• AIM OF THE EXERCISE
Look through the listing underneath for "difference", and copy every line that has it.

• MATERIAL TO PROCESS

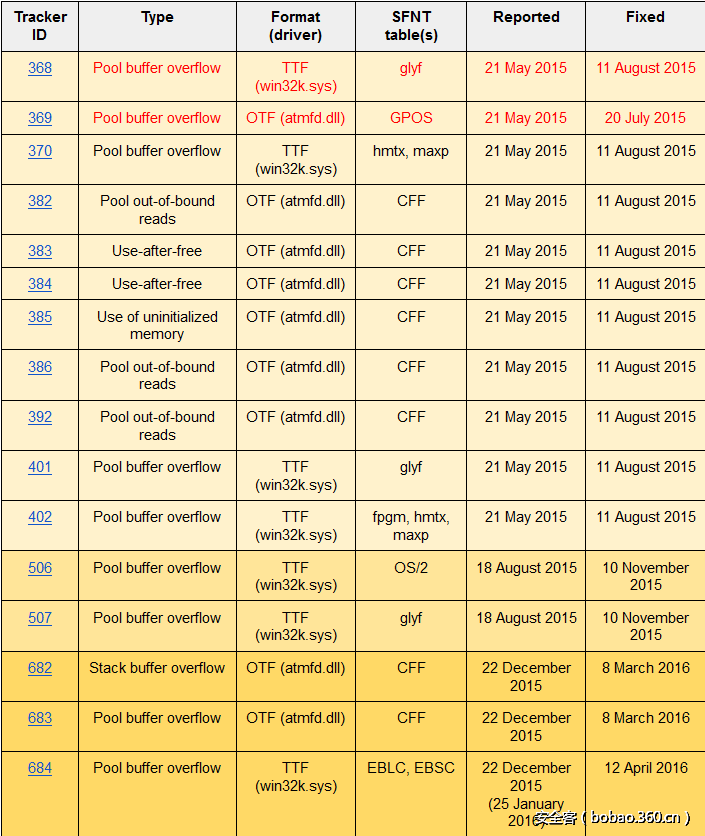 t014b12bb310b5924ed.png http://p8.qhimg.com/t014b12bb310b5924ed.png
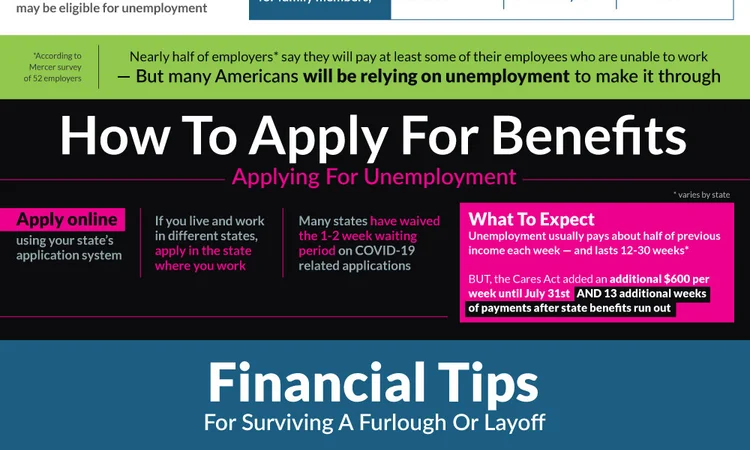 Layoffs And Furloughs: What You Need To Know
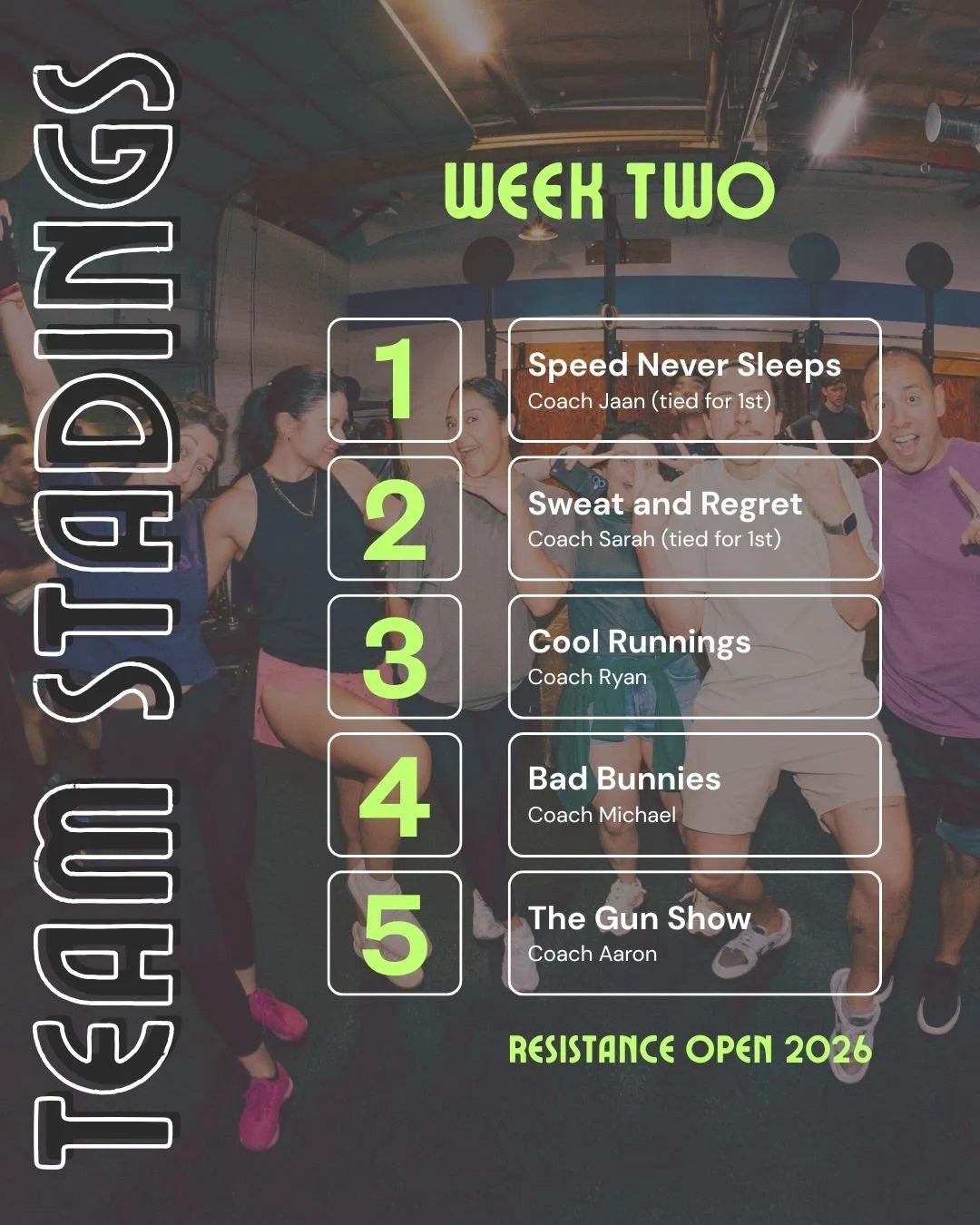 Team standings and leaderboard leading up to week three!!! Some fun facts to keep yall motivated for 26.3: 

- difference between 5th and 6th place in men&rsquo;s RX was 3 seconds (tiebreak time) 
- difference between 4th and 5th place in women&rsquo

• TASK SOLUTION
- difference between 5th and 6th place in men&rsquo;s RX was 3 seconds (tiebreak time) 
- difference between 4th and 5th place in women&rsquo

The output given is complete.